Go ahead and switch to the Pen tool, and note that I am working with a two-column toolbox, because my screen is so small. But you can get the pen regardless by pressing the P key. And notice where the R ends, right about there. You want to click on that spot in order to set an anchor point on the path, and then you want to drop down to the location of the K. And notice how the far corners of the K describe a kind of straight line. You want to click at the intersection of the circle and that imaginary straight line to add a point.
Now switch to the White Arrow tool, which you can also get by pressing the A key, and I want you to select this point right there, so each of the side points, and then this point here. So I am Shift+Clicking on the right side point. And then press the Backspace key or the Delete key on the Mac to get rid of everything but these two arcing paths. Now go to the Rotate tool in your toolbox, click and hold, and switch to the Reflect tool, which you can also get by pressing the O key. And I want you to Alt+Click or Option+Click on the Mac at the location of the leftmost point, up there on the top path or the bottom path, it doesn't matter. And you want to set the Axis to Vertical, make sure that the Preview checkbox is turned on, and then you want to click on the Copy button in order to create a copy of both of those paths.
Now we need to join them together, but first we should just go and turn off the text on a path, which are the tiger and milk items down here near the bottom of the layer. So I will go ahead and click the eyeballs for each one of them to turn them off. Now I will press Ctrl+Y or Command+Y on the Mac in order to switch to the Outline mode, and you want to press the A key to switch back to the White Arrow tool. Marquee these top two coincident anchor points right there. And now at this point, if you are working in Illustrator CS5 or CS6, you need to press the keyboard shortcut Ctrl+Shift+Alt+J or Command+Shift+Option+J. If you are working in CS4 or earlier, you can just press Command+J. And then set the points to smooth, like so, and click OK.
Now repeat that process for these bottom two points. So go ahead and marquee those coincident points. They look like just one anchor point; they are really two. Then press Ctrl+Shift+Alt+J, Command+Shift+Option+J on the Mac, set the points to Smooth, click OK. We are almost done. Go ahead and press Ctrl+Y or Command+Y on the Mac to switch back to the Preview mode. Press the V key to get the Move tool. Let's go ahead and click on this top path right there and bring back up your Brushes panel again. You can do that by pressing the F5 key incidentally. And then click on tiger in order to assign it to the path.

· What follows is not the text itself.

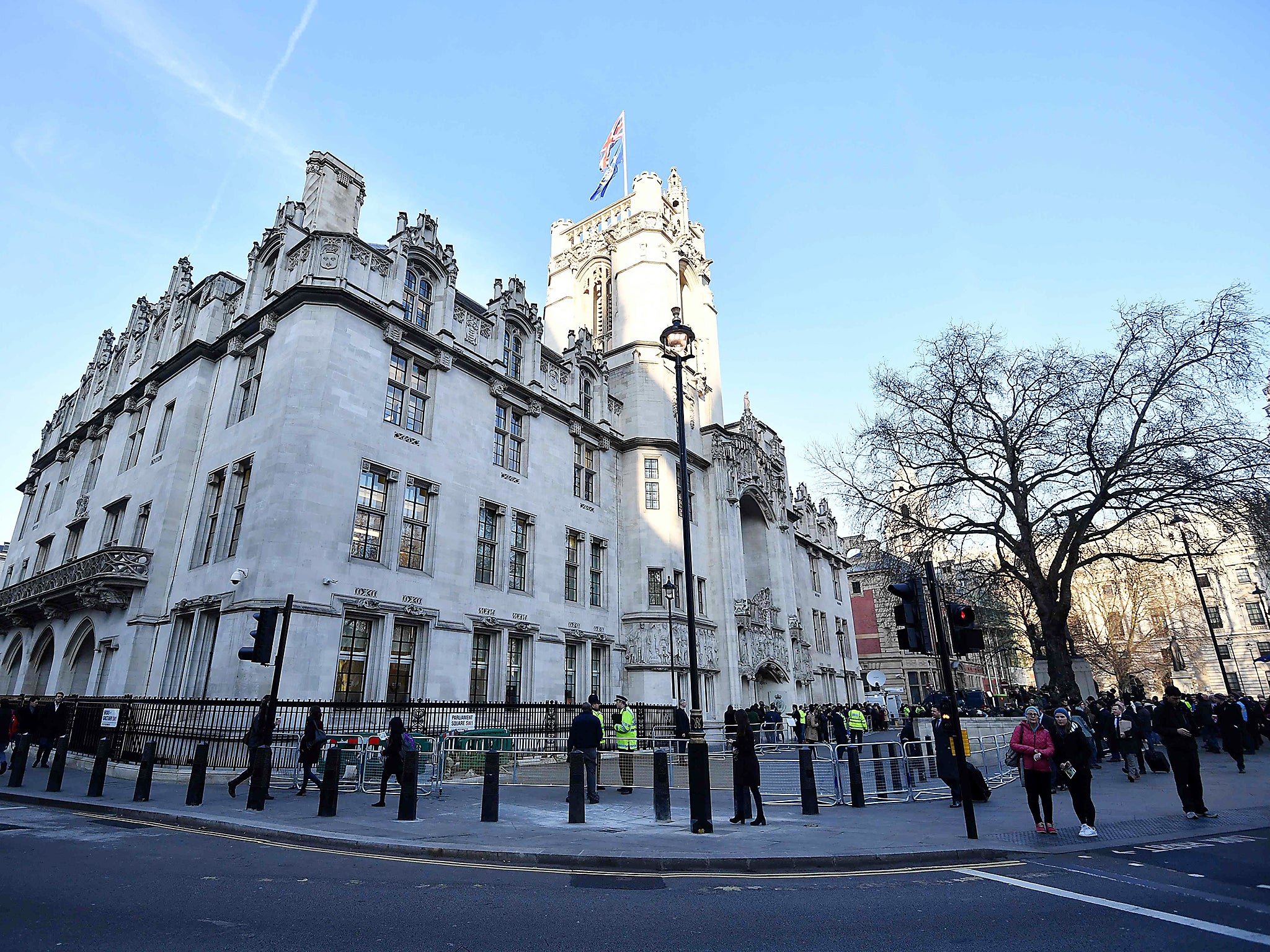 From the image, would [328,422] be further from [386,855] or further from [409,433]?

Then drop down to this path outline, click on it to make it active, and click on milk in order to assign that art brush. The downside of course is that this text is not editable, so if you want to change the text, you are going to have to go off to that editable text on the side, modify the text, convert it to outlines, and then either edit the existing brush or make a new one. However, the upside is that you have text that warps to the path and looks absolutely beautiful regardless of its size, here inside Illustrator.